Options on the table include major gameplay overhauls addressing difficulty and progression systems, aggressive price cuts to bring in new players, and potentially delaying or canceling planned DLC to focus resources on fixes. The nuclear option would be acknowledging Wilds as a misstep and refocusing development on the next entry, but that seems unlikely given Capcom’s investment in the title.
Silver Lining for Rise
The one positive story emerging from this situation is Monster Hunter Rise’s continued success. The 2021 title has now reached 17.8 million lifetime sales, adding 300,000 copies during the first half of fiscal 2025. Rise proves there’s still strong demand for Monster Hunter games when the fundamentals are executed properly.
Some players are actively recommending newcomers skip Wilds and play Rise instead, which is remarkable considering Rise was initially criticized for feeling too easy compared to older entries.

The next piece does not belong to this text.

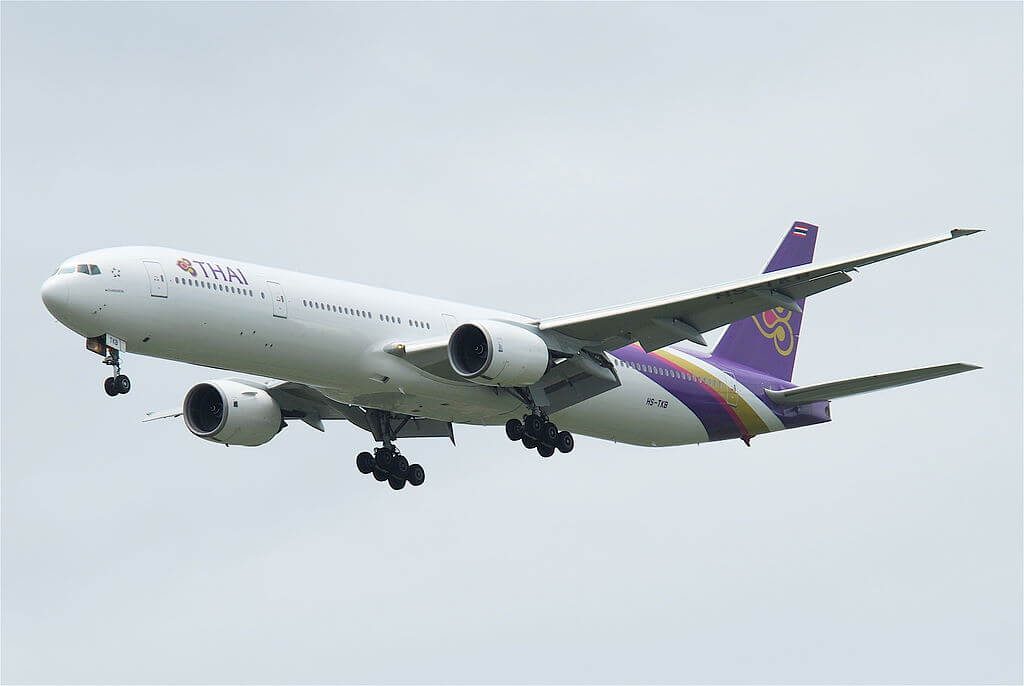 THAI Airways Boeing 777 3D7 HS TKB Chainarai ชัยนารายณ์ at Suvarnabhumi International Airport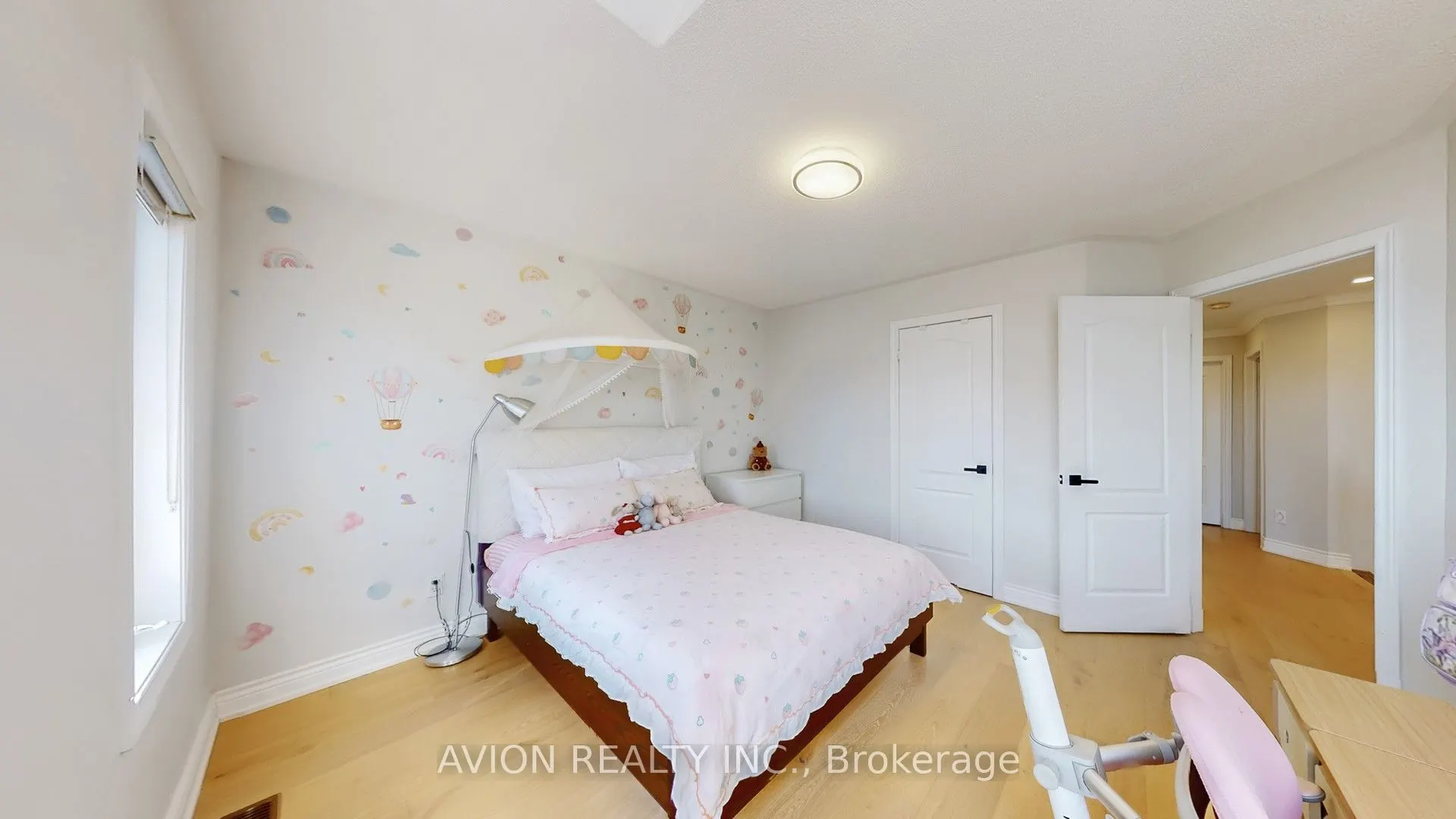 35 Old Orchard Crescent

The fact that Rise now looks like the better option compared to the latest release speaks volumes about how far Wilds has fallen short of expectations.
FAQs
When did Monster Hunter Wilds launch?
Monster Hunter Wilds launched on February 28, 2025, for PlayStation 5, Xbox Series X/S, and PC. It had a record-breaking start with over 10 million sales.
How many copies has Monster Hunter Wilds sold?
As of September 30, 2025, Monster Hunter Wilds has sold 10.7 million copies worldwide. However, only 160,000 of those sales occurred during Q2 2025.
Why are Monster Hunter Wilds sales declining?
Capcom blames high PlayStation 5 costs and PC technical issues, but players cite problems with difficulty balance, weak endgame content, oversized maps, and frustrating online lobby systems.
Is Monster Hunter Wilds selling worse than Monster Hunter Rise?
Yes, in Q2 2025, the four-year-old Monster Hunter Rise outsold Wilds by nearly 100,000 copies (254,000 vs 160,000). Rise has 17.8 million lifetime sales compared to Wilds’ 10.7 million.
What is Capcom doing to fix Monster Hunter Wilds?
Capcom continues releasing content updates, event quests, and new monsters through its planned roadmap, with Title Update 3 arriving in late September 2025. However, these haven’t reversed the sales decline.
Are Monster Hunter Wilds servers still active?
Yes, the game is fully supported with ongoing content updates and online services. The sales decline doesn’t affect current players’ ability to enjoy the game.
Should I buy Monster Hunter Wilds or Monster Hunter Rise?
Based on current player sentiment and the fact Rise is outselling Wilds despite being four years older, many in the community recommend Rise for newcomers, especially considering its lower price point.
Conclusion
Monster Hunter Wilds’ dramatic post-launch sales collapse represents one of 2025’s biggest gaming disappointments. What started as Capcom’s fastest-selling title ever has devolved into a cautionary tale about the importance of post-launch support, technical optimization, and respecting the core elements that made the franchise successful. The fact that a four-year-old game is outselling the latest mainline entry should set off alarm bells throughout Capcom’s management. While 10.7 million lifetime sales would be excellent for most franchises, Wilds has essentially flatlined after its initial burst, suggesting the game failed to retain players or generate positive word-of-mouth that drives sustained sales. Capcom needs to take a hard look at what went wrong with Wilds’ design, difficulty balance, and technical execution if it wants to restore Monster Hunter to its former glory. Otherwise, the franchise risks becoming another example of a publisher chasing trends and graphical fidelity at the expense of the gameplay fundamentals that players actually care about.